4.3. Transformation of Lactobacillus casei for Electroporation
The constructed plasmids were transformed into L. casei via electroporation. Competent cells of L. casei were prepared according to the following protocol: In total, 2 mL of L. casei was cultured into a 100 mL MRS+ 2% glycine media and incubated overnight at 37 °C until the optical density in the logarithmic phase was reached without shaking at 5000 rpm and at 4 °C. The L. casei cells were chilled on ice for 10 min and harvested via centrifugation at 5000 rpm and 4 °C for 10 min, washed twice with 40 mL of ice-cold EPWB (NaH2PO4 0.6 mmol/L, MgCl2 0.1 mmol/L), and then washed once in 40 mL of ice-cold EPB (NaH2PO4 0.6 mmol/L, MgCl2 0.1 mmol/L, 0.3 mol/L Sucrose). The L. casei cells were centrifuged for 10 min at 5000 rpm and 4 °C. The iced L. casei competent cells were resuspended with 1 mL of EPB, which was used prior in electroporation.
Competent cells of L. casei were mixed with 1 μg of the plasmid pLCNICK-PyrR-HAS-sgRNA and subsequently transferred into a precooled 2 mm electroporation cuvette at 2.2 kV, 200 Ω, and 25 μF with a Bio-Rad GenePulser Xcell. The precooled MRS+ 500 mM sucrose broth (1 mL) was immediately added to the electroporation cuvette, which was then transferred to a culture tube to recover growth for 5 h at 37 °C without shaking. The recovered cells were grown on MRS plates containing erythromycin (5 μg/mL) for 4 or 5 days, and single colonies were randomly selected for growth in MRS broth containing erythromycin (5 μg/mL). All colonies were used to extract the genome as the template determining the PyrR was knocked out using the PCR method. The L. casei mutation strain with the PyrR gene deletion in its genome was constructed to identify the positive clone (named L. casei ΔPyrR). All of the PCR products obtained from identifying the positive clone were sequenced to confirm the deleting strain.
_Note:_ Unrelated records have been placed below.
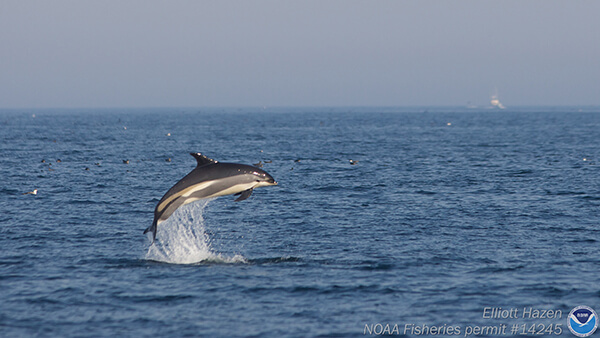 a dolphin leaps out of the water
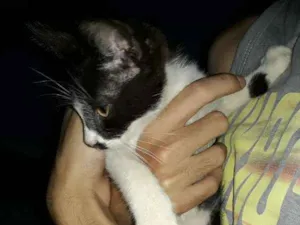 Gato raça  idade 2 a 6 meses nome Estelar
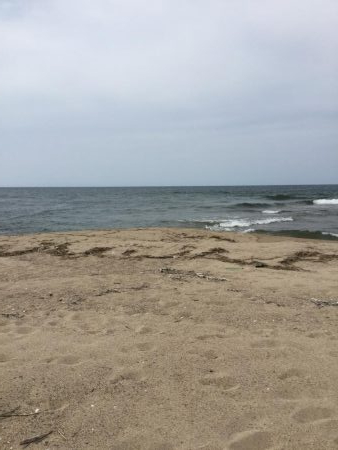 ワームが効く?マゴチ釣果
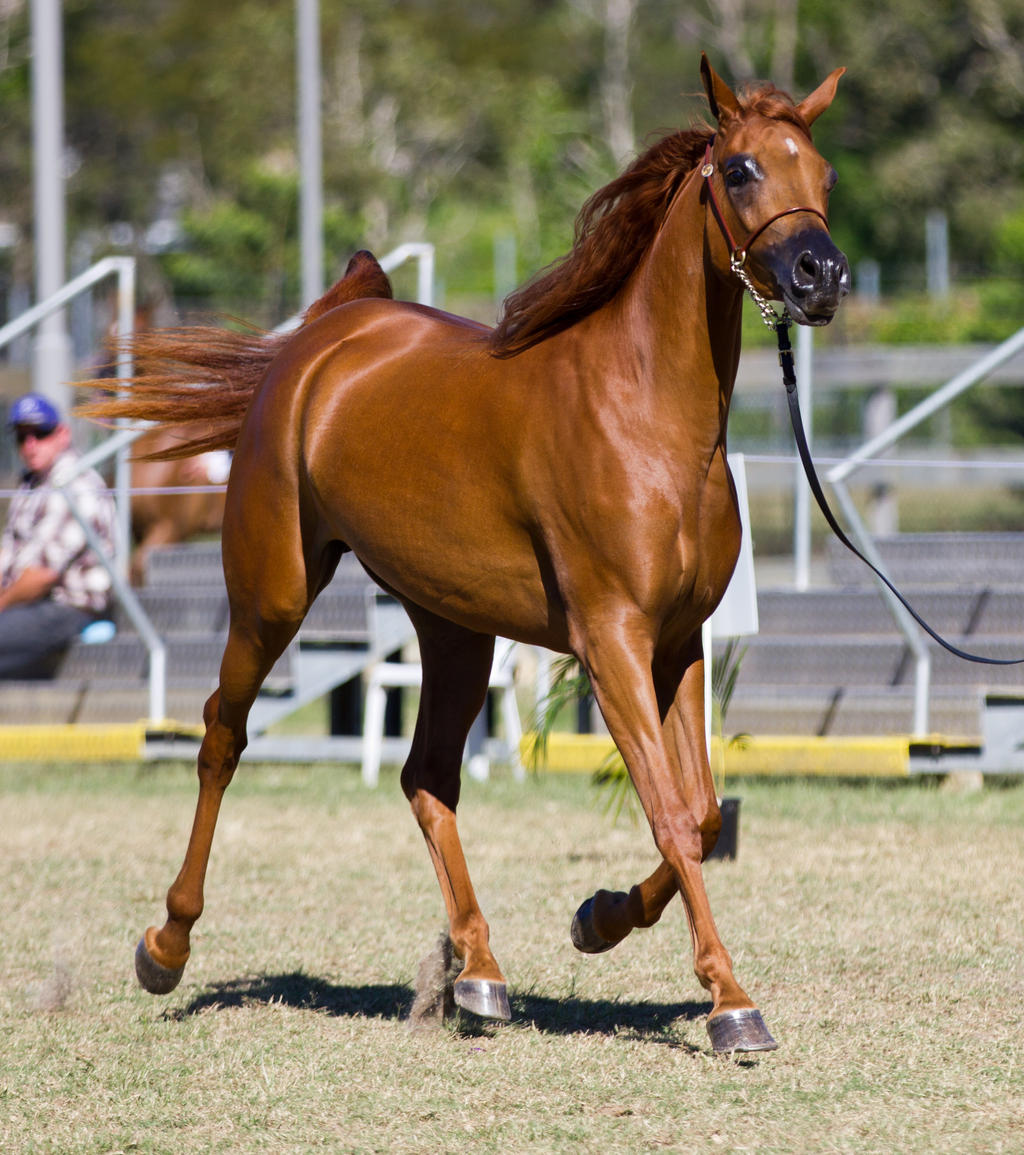 STOCK - 2014 Arabian Challenge-215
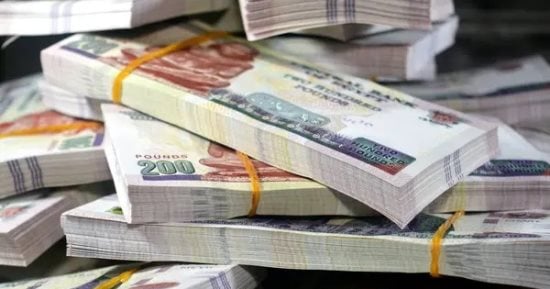  كيف تكشف شركات توظيف الأموال الوهمية قبل خسارة مدخراتك؟
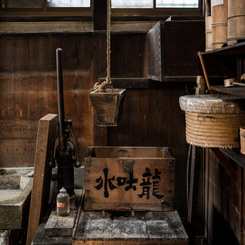 水吐龍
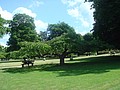 DSC04382.JPG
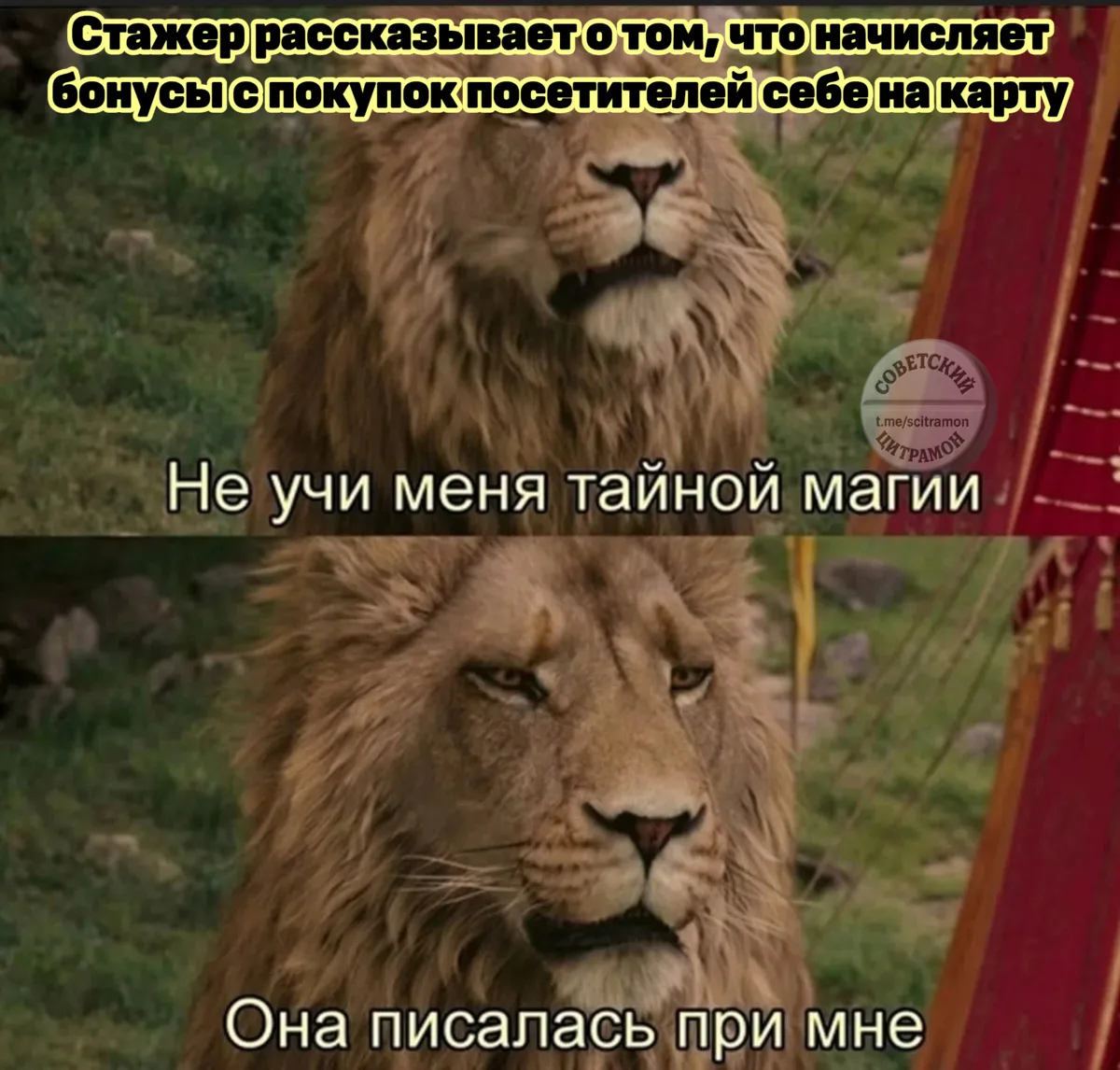 Цитрамон. Подписаться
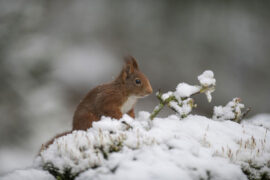 2023年教师节，简短优美的祝福语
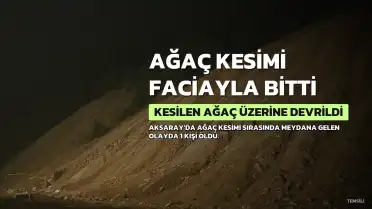 Aksaray'da Ağaç Kesimi Sırasında Feci Kaza: 1 Ölü, 1 Gözaltı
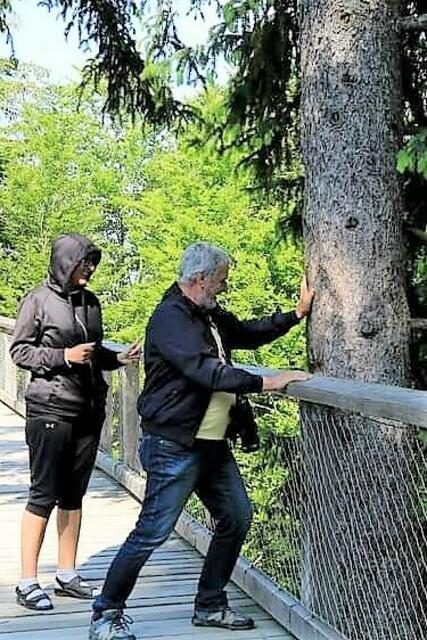 Auf dem Baumwipfelpfad | Foto: KK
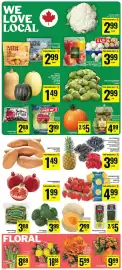 Food Basics flyer week 40 Page 3: Raspberries, Blackberries, Blueberries, Pineapples €3,99, Cranberries €2,88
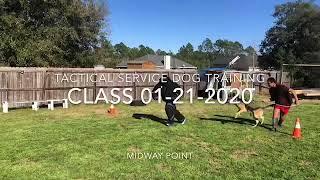 Tactical Service Dog Training Ace Georgia and Patton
4.4. Prokaryotic Expression of Recombinant Plasmid and Its Anti-Mice PyrR Protein Polyclonal Antibody Preparation
The recombinant protein of PyrR was expressed by the expressing vector of Cold Shock Expression System pCold™ DNA (Takara Bio Inc., Kusatsu, Shiga, Japan), and the recombinant proteins were induced via IPTG and purified using the His-tag Protein Purification Kit (Beyotime, Shanghai, China). The purified protein was immunized in mice to produce an anti-mice PyrR protein polyclonal antibody, which was taken from the serum of mice that was used in the Western Blot analysis part of our study.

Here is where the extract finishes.